There are two obvious ways to do that. One is is have these each be an
argument to a master flag, like 'Cl', 'Cu', etc, where the C stands for
character set semantics (or one could use an 'S' instead). (I suppose
that the master flag need not be an alpha.) But this approach is a
break from tradition, and when reading such a regex it can be confusing
to have single and multi-char flags intermixed, like '/abc/mClip'.
There may be other things we haven't thought of. It turns out the
implementation is not hard.
The second way is to have single letter flags, but capitalize those
flags that are mutually exclusive, like /abc/LU, would have the U
override the L, and the users would come to accept that the
capitalization meant this. The problem I see with this approach is that
it means that the only capital letters ever used would have to be for
the purpose of defining the character set semantics. I don't like tying
the hands of future porters.
Another possibility is to just not distinguish these mutually exclusive
options from regular options. They would all be lower case. The
standard Unix philosophy of "last option on the line overrides all
previous conflicting ones" would apply. If we chose this approach,
there are several sub-possibilities:
1) We choose option letters that don't conflict with any keyword
beginnings. The problem is that the obvious letters do.

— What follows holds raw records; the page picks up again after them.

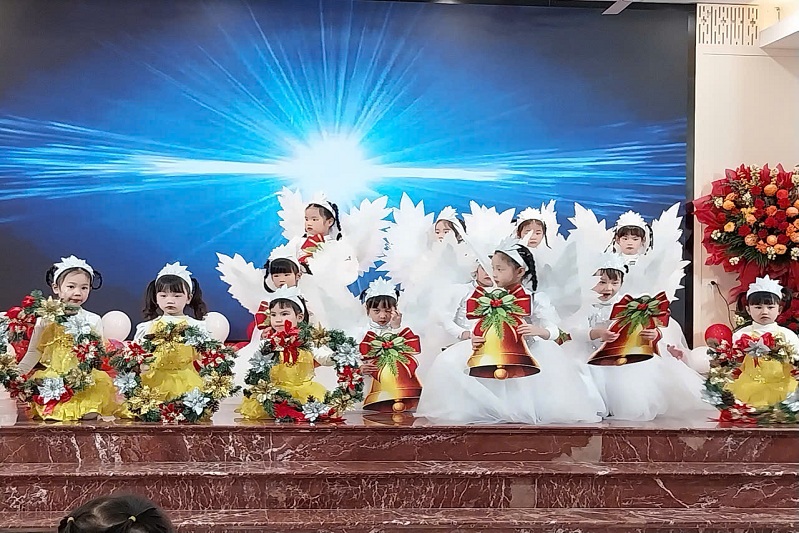 Liên khúc Quà Tặng Mùa Đông - Thể hiện: Lớp Múa Thiên Thần- Nhóm trẻ, lớp MGĐL 31 Nhà Chung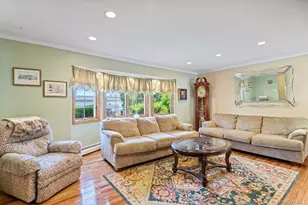 1300 Oak Ave, West Islip, NY 11795 - Photo 5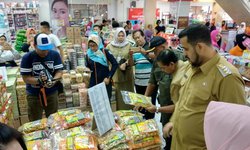 Sidak Swalayan dan Minimarket, Dinkes Probolinggo Temukan Mamin Kedaluwarsa sidak-swalayan-dan-minimarket-dinkes-probolinggo-temukan-mamin-kedaluwarsa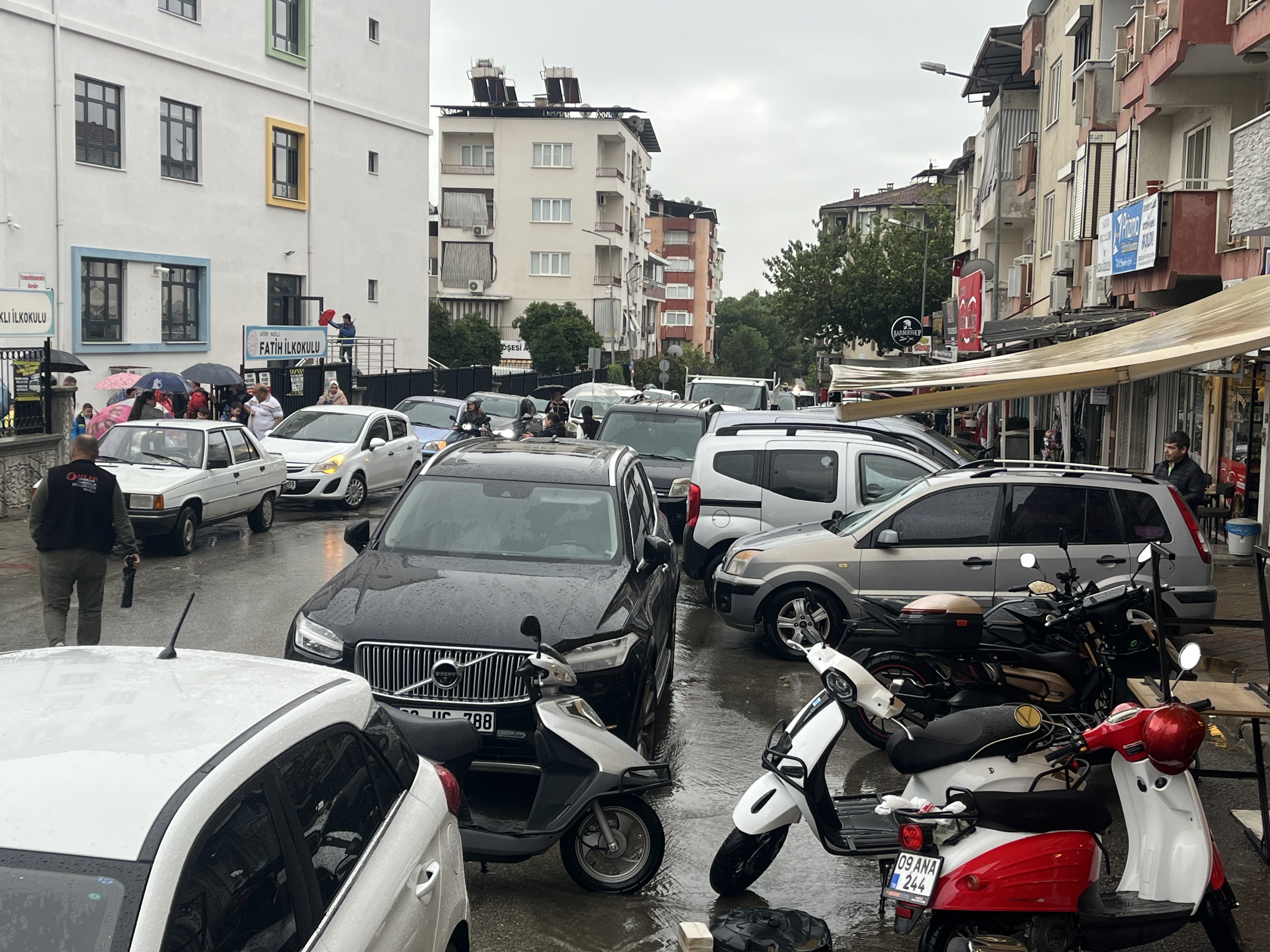 Nazilli’de sağanak yağış hayatı olumsuz etkiledi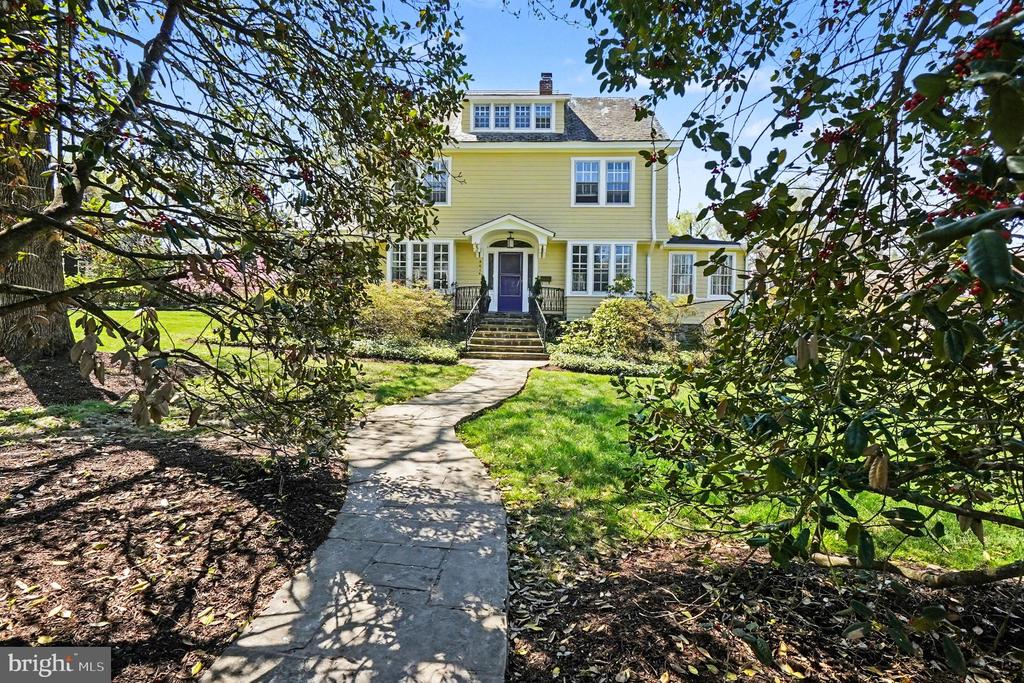 5616 CROSS COUNTRY BOULEVARD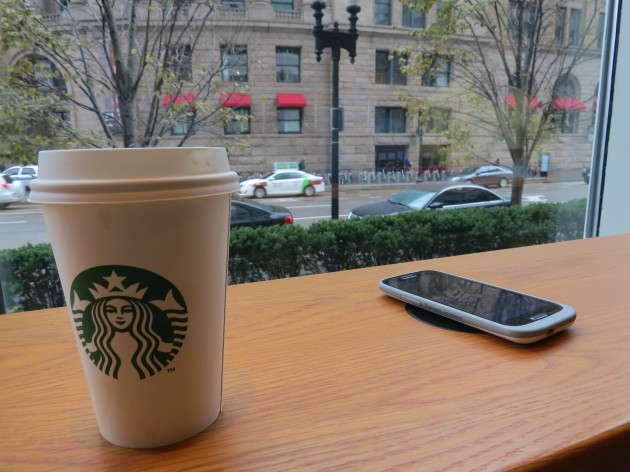 Starbucks y The New York Times distribuyen contenidos gratis en intercambio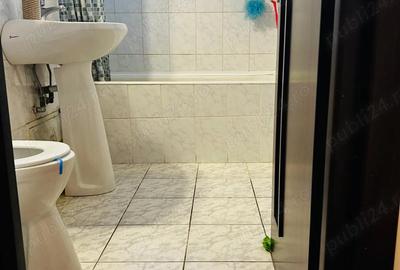 Apartament cu 3 camere decomandat în Titan - 7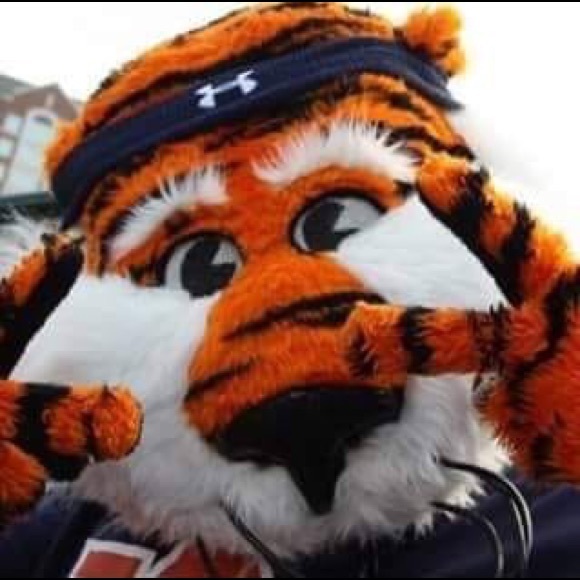 Profile Picture of Brad Killingsworth (@brkillin) on Poshmark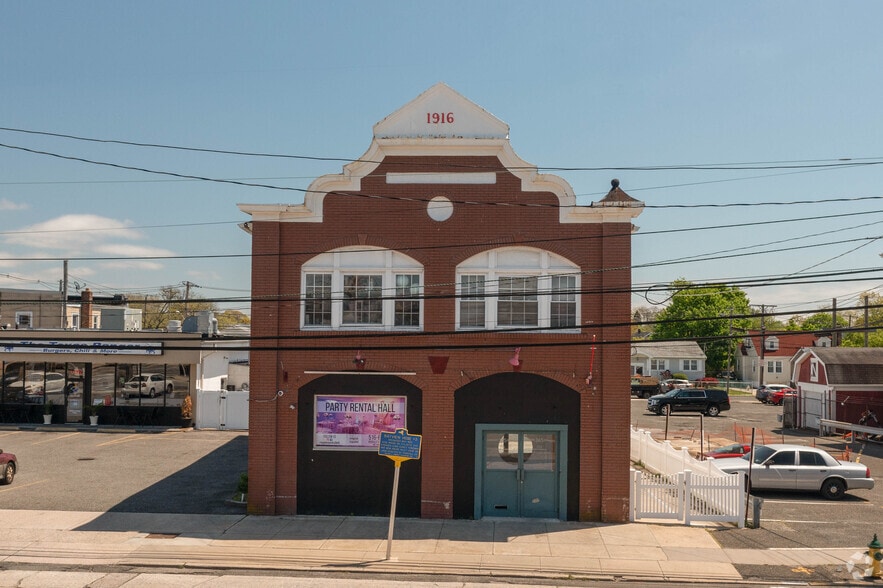 365 S Bayview Ave, Freeport, NY for sale - Building Photo - Image 1 of 5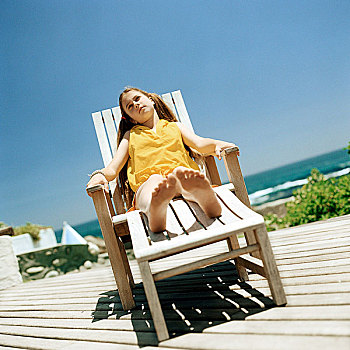 女孩,坐,折叠躺椅,海洋,背景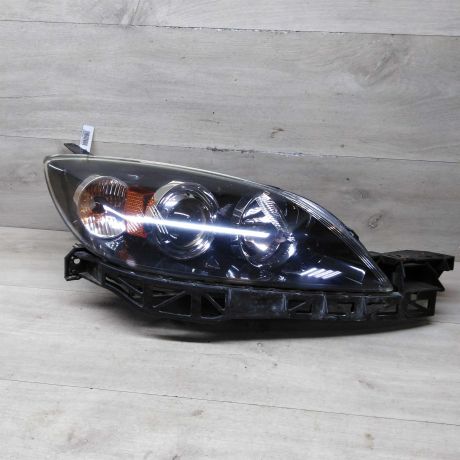 fara-peredniaia-pravaia-mazda-3-bk-xetcbek-ksenon-art-79104-big-0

2) Until 5.16 require that anyone using these options do so in the
(?:...) form, thus avoiding any ambiguities.
3) Implement them in such a way that until 5.16 any ambiguity is
resolved in favor of the interpretation that a keyword is meant; there
already is a deprecation message generated whenever such an
interpretation would happen. The implementation of this isn't difficult.
I think that's it. Here is your ballot (I briefly what I think are the
up/downsides. Feel free to add things.)
1) Do nothing. Don't implement this, leave the Unicode bugs there.
2) Use two-letter options for the mutually exclusive ones. Extensible,
visually distinguishable, but /abc/Clip may be hard to read.
3) Use single capital letters for these options; distinguishable, not
4) Use single letter lower case option letters, but choose non-mnemonic
ones to avoid ambiguities with existing keywords. They are not visibly
distinguished from options that aren't mutually exclusive.
5) Use single letter lower case option letters, but until 5.16 they are
only valid in the (?:) form. They are not visibly distinguished from
options that aren't mutually exclusive.
6) Use single letter lower case option letters implemented in such a way
that until 5.16 ambiguities are resolved to the existing
interpretations. The option letters are not visibly distinguished from
options that aren't mutually exclusive. After the deprecation cycle in
5.14, there won't be these ambiguities. My vote goes to this one.